Les dessous de l'abandon de Google Website Optimizer
Google Website Optimizer était un précurseur des solutions d’optimisation de conversation par A/B testing. Quelles sont les raisons qui ont poussé Google à l’arrêter pour migrer ses fonctionnalités directement dans sa solution de Web Analytics ? Quels enseignements peut-on en tirer ?
L’annonce officielle le 1er juin 2012 de l’arrêt de Google Website Optimizer (GWO) était aussi inattendue qu’abrupte : en coupant définitivement son service d’A/B testing le 1er août, Google n’a laissé que deux mois (!) à ses utilisateurs pour trouver une alternative. Certes, un remplaçant officiel, Content Experiments, est disponible dans Google Analytics depuis juillet mais ses fonctionnalités sont très limitées.

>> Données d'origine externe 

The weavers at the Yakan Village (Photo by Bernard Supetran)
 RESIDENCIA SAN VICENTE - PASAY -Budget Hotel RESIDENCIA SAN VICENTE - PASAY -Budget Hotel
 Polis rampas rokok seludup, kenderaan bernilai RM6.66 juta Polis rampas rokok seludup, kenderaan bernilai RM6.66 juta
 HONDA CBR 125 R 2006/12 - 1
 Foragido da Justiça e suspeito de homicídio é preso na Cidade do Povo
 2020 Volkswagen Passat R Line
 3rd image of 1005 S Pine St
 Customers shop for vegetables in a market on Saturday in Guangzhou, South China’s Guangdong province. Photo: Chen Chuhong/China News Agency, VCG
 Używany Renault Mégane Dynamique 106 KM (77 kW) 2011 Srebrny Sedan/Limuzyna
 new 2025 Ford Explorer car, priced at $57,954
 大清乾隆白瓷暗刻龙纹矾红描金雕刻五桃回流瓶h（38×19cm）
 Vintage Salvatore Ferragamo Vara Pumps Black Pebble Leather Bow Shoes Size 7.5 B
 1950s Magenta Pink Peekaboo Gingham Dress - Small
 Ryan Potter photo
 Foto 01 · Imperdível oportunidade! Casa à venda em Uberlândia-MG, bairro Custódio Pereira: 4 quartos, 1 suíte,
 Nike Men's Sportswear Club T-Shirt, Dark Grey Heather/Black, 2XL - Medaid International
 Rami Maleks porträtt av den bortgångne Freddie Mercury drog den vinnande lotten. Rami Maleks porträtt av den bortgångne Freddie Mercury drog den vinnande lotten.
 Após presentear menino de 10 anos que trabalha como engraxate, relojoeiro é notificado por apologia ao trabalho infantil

Surtout, nombre d’entreprises adeptes de GWO n’utilisent pas Google Analytics et n’ont pas l’intention de migrer vers cette solution : satisfaites d’outils analytics plus haut de gamme comme AT Internet NX Analyzer ou Adobe Omniture, elles sont désormais contraintes de migrer vers une nouvelle solution d’A/B testing dans un laps de temps très court pour continuer leurs tests. Pourquoi donc Google a pris une telle décision?
GWO:
un outil gratuit mais délaissé par son créateur
J’ai
toujours été surpris du peu d’attention dont semblait souffrir le
produit de testing de Google. Certes, étant un outil gratuit, GWO ne
pouvait offrir le même niveau de fonctionnalités que celui de
solutions plus puissantes. Pour autant, on aurait pu penser que le
produit serait nettement plus abouti compte-tenu du talent des
ingénieurs de Google.
Le
principal problème de GWO résidait dans sa manière de gérer
techniquement l’A/B testing. Pour simplifier, on peut dire que GWO
fonctionnait soit par redirections d’URL (réalisés par
JavaScript), soit par taggage de zones spécifiques dans le code HTML
et entrée des variations directement en HTML sur le back-office de
GWO. Dans les deux cas, utiliser l’outil nécessitait des
connaissances techniques poussées. Et la contrainte de retaggage du
site, à chaque nouvel A/B test, était extrêmement pénalisante: à
moins d’une forte réactivité des intégrateurs (uniquement
envisageable chez des acteurs de petite taille), un test A/B devait
être planifié longtemps à l’avance..
Du coup, GWO était utilisé principalement par des équipes techniques, qui avaient la main sur le code HTML du site et la possibilité de le mettre à jour, alors que l’esprit même de l’A/B testing et des méthodes d’optimisation est d’être sous la responsabilité des équipes marketing, seules garantes du taux de conversion de sites web marchands. Ce seul problème était déjà suffisant à éliminer GWO pour de nombreux utilisateurs potentiels.
GWO
a aussi donné depuis quelque temps la nette impression qu’il se
languissait, au point de s’interroger sur le support réel accordé
par son créateur. Certains utilisateurs se rappelleront l’e-mail
de février 2012 qui, en substance, disait: “Nous
vous prions de nous excuser, mais il est possible que certains des
tests effectués au cours des quinze derniers jours n’aient pas
fonctionné correctement”.
Même si la complexité des systèmes informatiques actuels implique
forcément des bogues occasionnels, on était en droit d’attendre
mieux de Google et d’une solution déployée sur des milliers de
sites web !
Malgré
quelques fonctionnalités intéressantes, telle que la possibilité
de réaliser des tests multivariés, on peut donc affirmer que GWO
était un parent pauvre au sein de la famille de produits Google. Les
mauvaises langues assureront que c’était volontaire de la part
d’une société qui réalise la quasi totalité de son chiffre
d’affaires dans le domaine de la publicité, et donc de
l’acquisition. Il est vrai que Google Analytics, qui est plus
directement liée au trafic et donc à l’acquisition, est une
solution nettement plus aboutie que ne l’était GWO. Cependant, je
ne crois pas à cette explication.
Le
problème crucial du reporting
La
vraie décision derrière la migration de GWO vers Content
Experiments tient à la logique du reporting. Alors que Google
dispose d’une solution analytics particulièrement aboutie (Google
Analytics), GWO avait ses propres rapports, développés séparément.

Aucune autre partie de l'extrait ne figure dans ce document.